# Work to complete
Each entry should be copied as it stands, leaving the pictures behind.

--- Data excerpts Enclosed Below ---

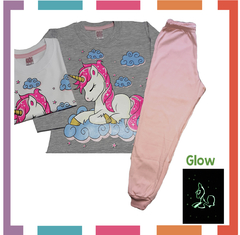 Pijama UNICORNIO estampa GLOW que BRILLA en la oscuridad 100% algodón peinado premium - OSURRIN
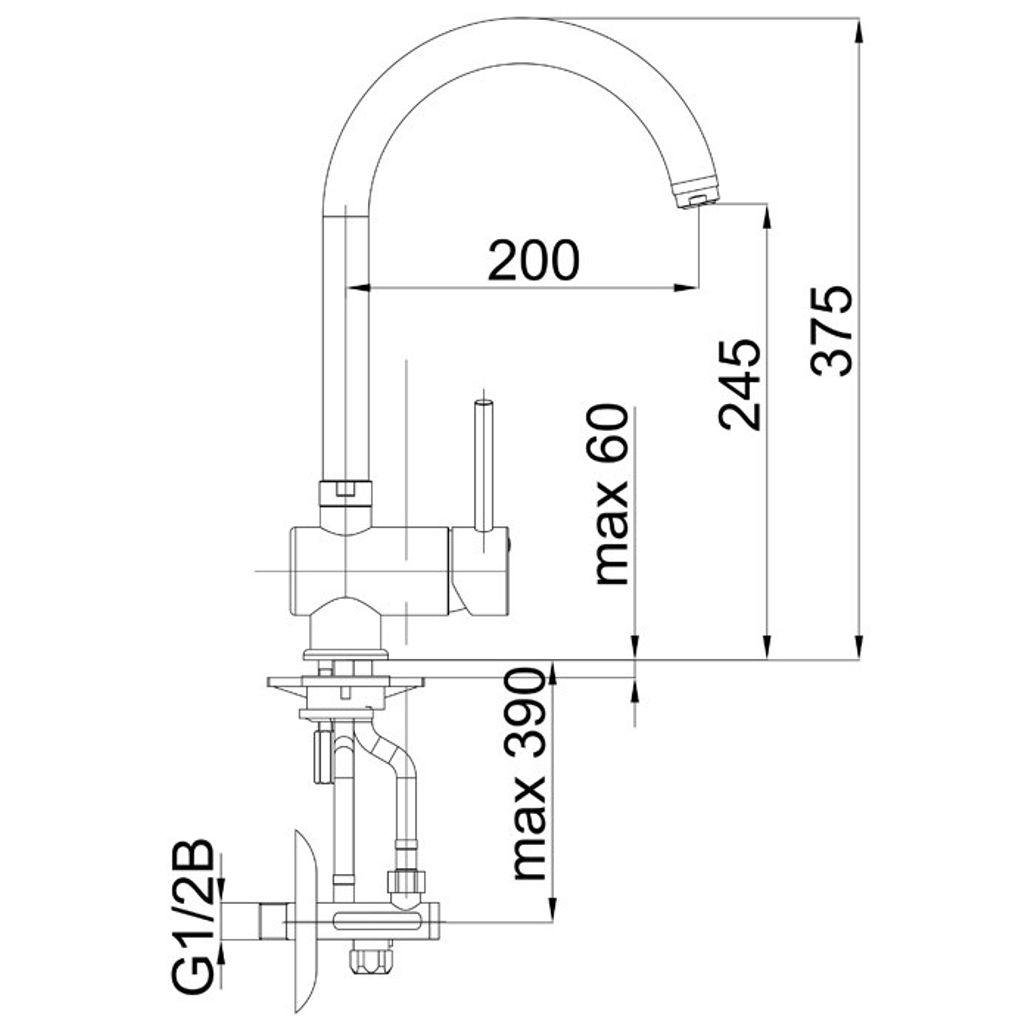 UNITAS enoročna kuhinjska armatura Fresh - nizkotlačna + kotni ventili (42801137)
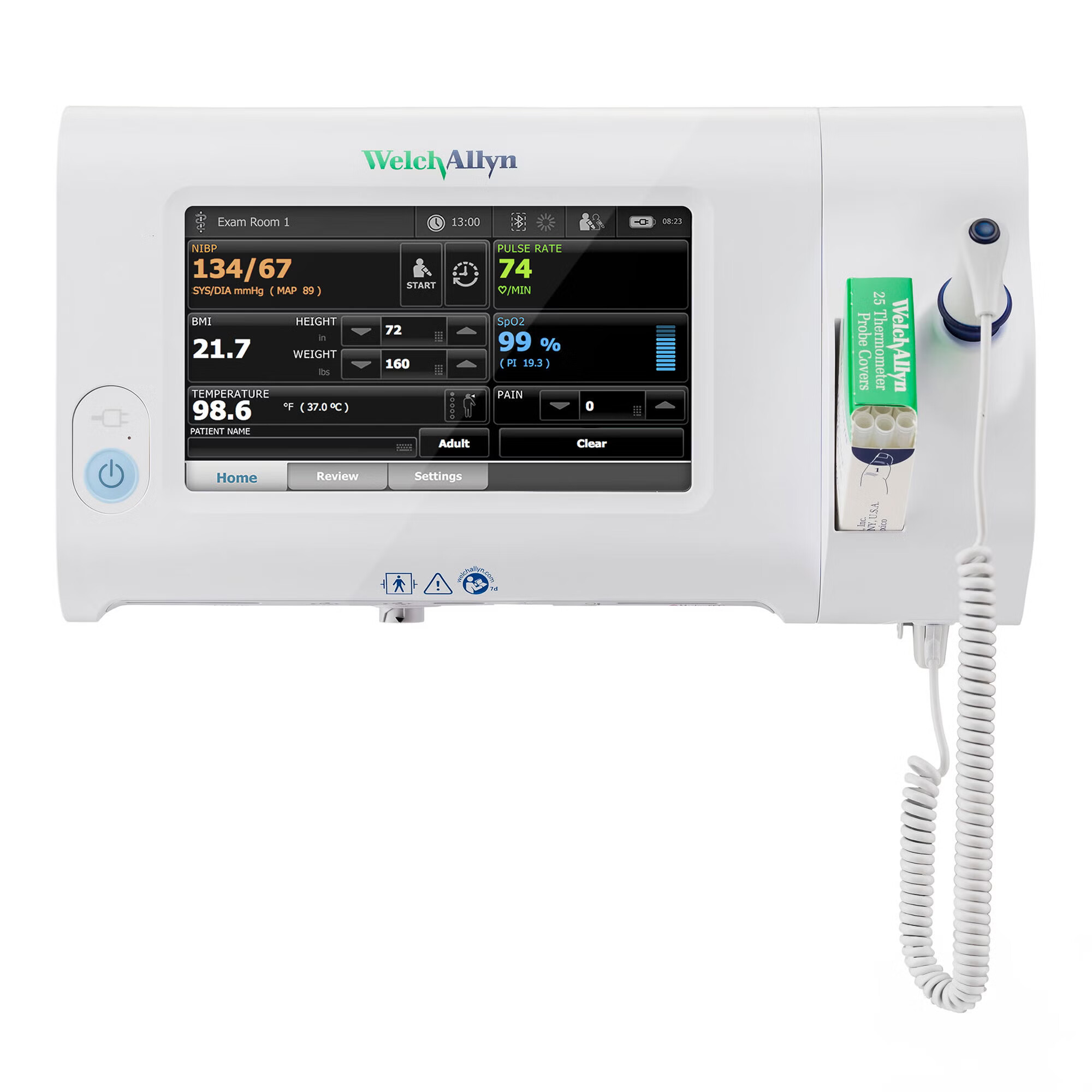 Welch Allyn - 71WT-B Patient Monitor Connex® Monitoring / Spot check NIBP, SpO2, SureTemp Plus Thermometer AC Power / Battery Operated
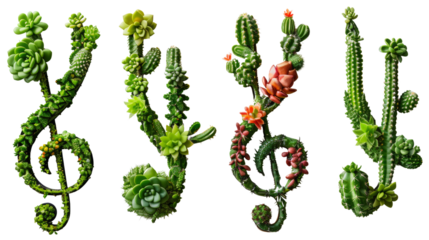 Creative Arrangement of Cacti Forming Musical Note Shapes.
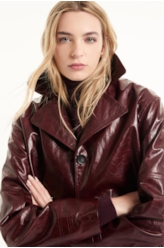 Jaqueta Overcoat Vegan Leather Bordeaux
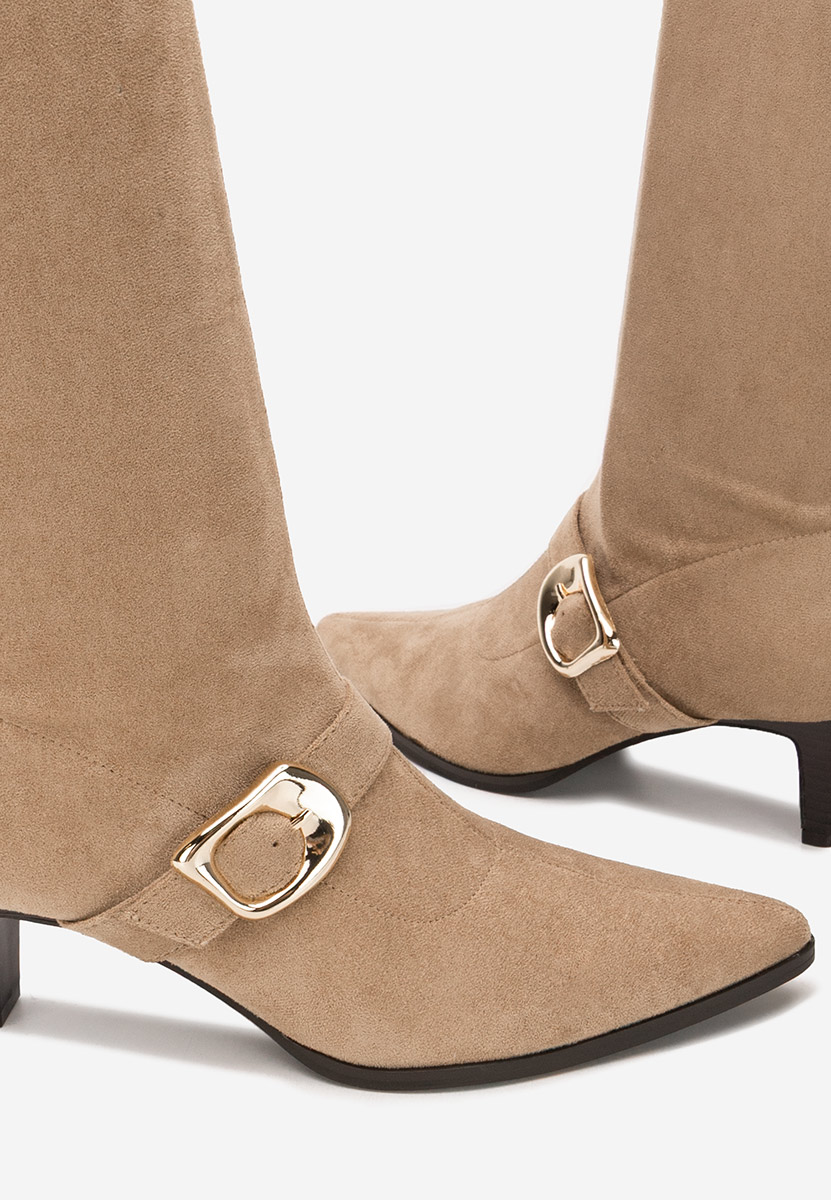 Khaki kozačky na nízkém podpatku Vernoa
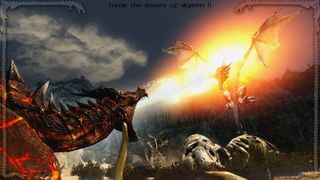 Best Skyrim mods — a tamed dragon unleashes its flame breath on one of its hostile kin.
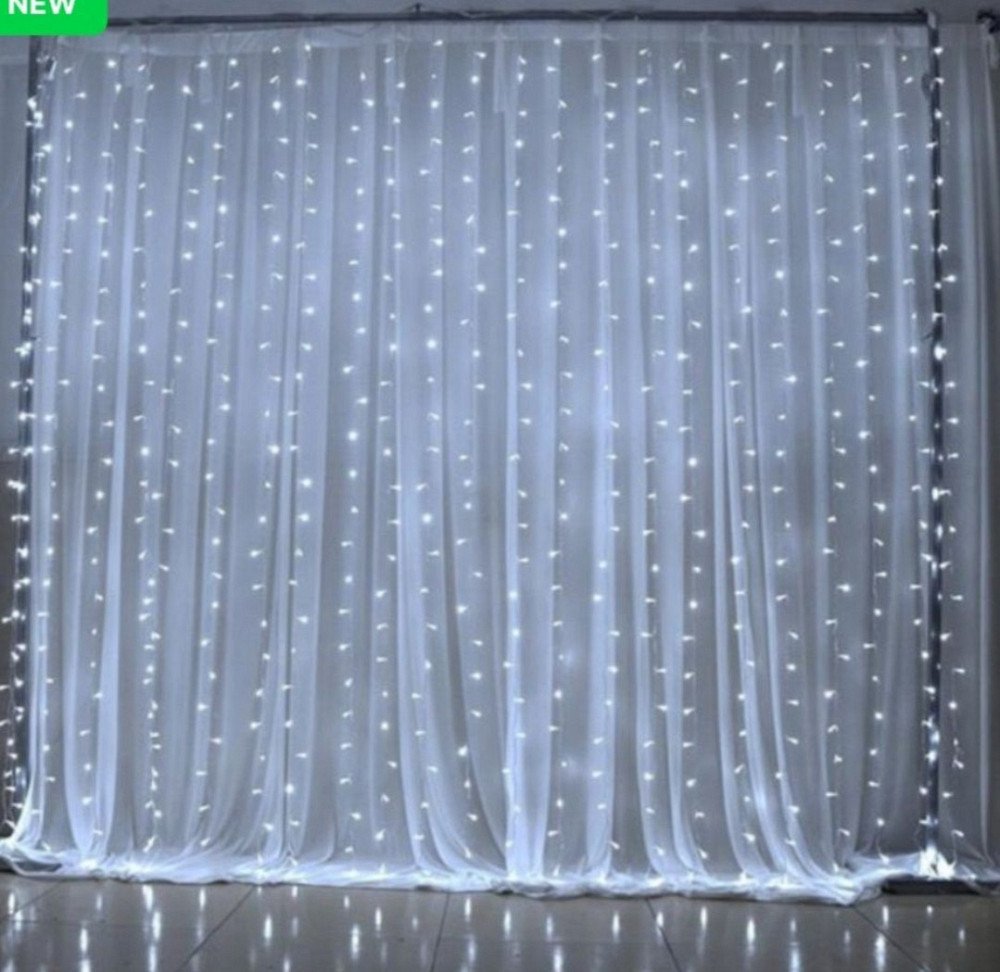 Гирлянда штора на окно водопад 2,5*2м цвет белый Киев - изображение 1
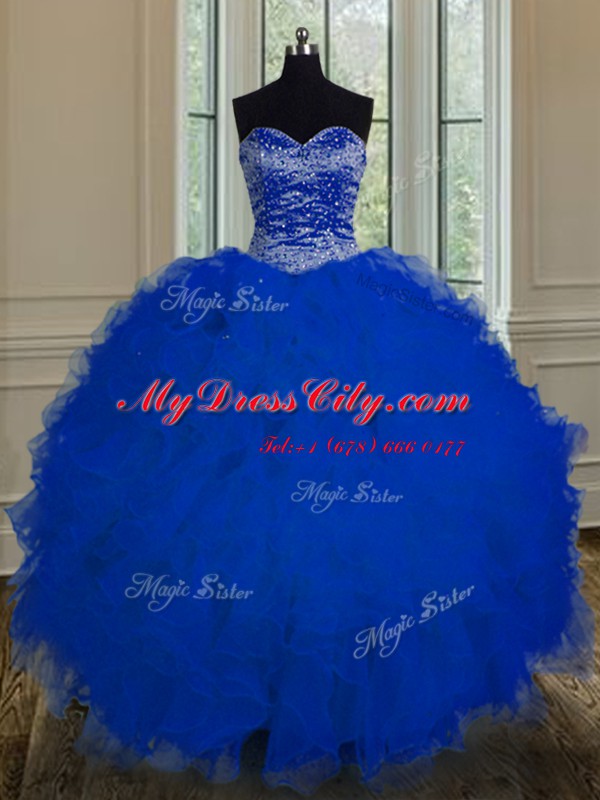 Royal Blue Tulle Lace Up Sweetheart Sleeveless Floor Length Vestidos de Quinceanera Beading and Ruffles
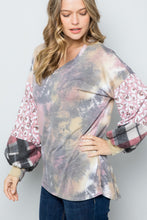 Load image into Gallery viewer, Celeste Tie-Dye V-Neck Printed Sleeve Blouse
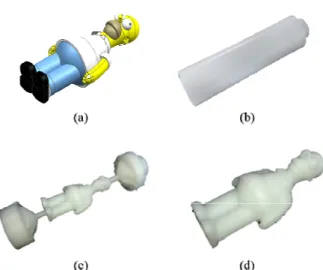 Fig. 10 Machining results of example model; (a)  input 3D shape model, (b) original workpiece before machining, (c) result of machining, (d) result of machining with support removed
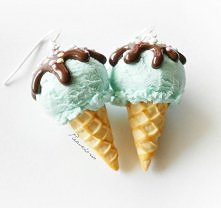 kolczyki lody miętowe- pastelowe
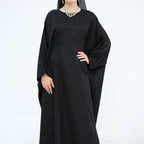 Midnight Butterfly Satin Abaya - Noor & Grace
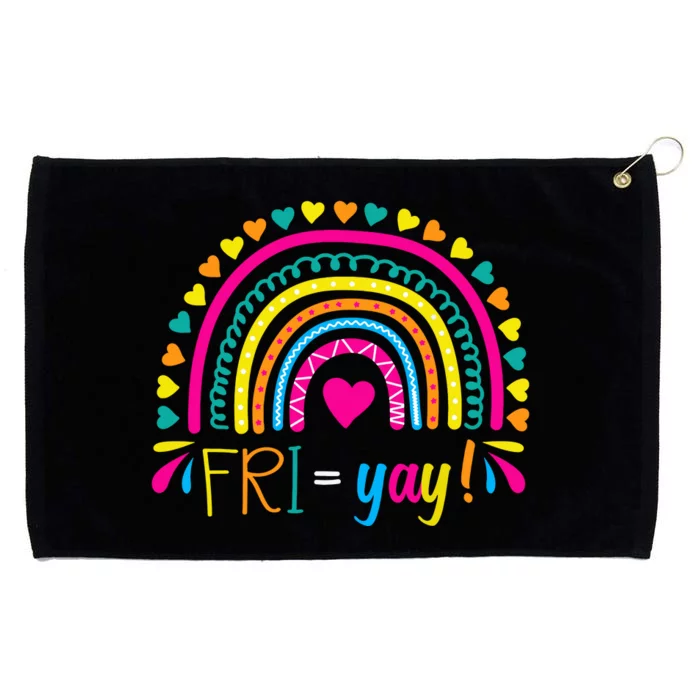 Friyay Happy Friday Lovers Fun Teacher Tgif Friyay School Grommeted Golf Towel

--- End of Enclosed Data excerpts ---

# Solution to this task
 Pijama UNICORNIO estampa GLOW que BRILLA en la oscuridad 100% algodón peinado premium - OSURRIN
 UNITAS enoročna kuhinjska armatura Fresh - nizkotlačna + kotni ventili (42801137)
 Welch Allyn - 71WT-B Patient Monitor Connex® Monitoring / Spot check NIBP, SpO2, SureTemp Plus Thermometer AC Power / Battery Operated
 Creative Arrangement of Cacti Forming Musical Note Shapes.
 Jaqueta Overcoat Vegan Leather Bordeaux
 Khaki kozačky na nízkém podpatku Vernoa
 Best Skyrim mods — a tamed dragon unleashes its flame breath on one of its hostile kin.
 Гирлянда штора на окно водопад 2,5*2м цвет белый Киев - изображение 1
 Royal Blue Tulle Lace Up Sweetheart Sleeveless Floor Length Vestidos de Quinceanera Beading and Ruffles
 Load image into Gallery viewer, Celeste Tie-Dye V-Neck Printed Sleeve Blouse
 Fig. 10 Machining results of example model; (a)  input 3D shape model, (b) original workpiece before machining, (c) result of machining, (d) result of machining with support removed
 kolczyki lody miętowe- pastelowe
 Midnight Butterfly Satin Abaya - Noor & Grace
 Friyay Happy Friday Lovers Fun Teacher Tgif Friyay School Grommeted Golf Towel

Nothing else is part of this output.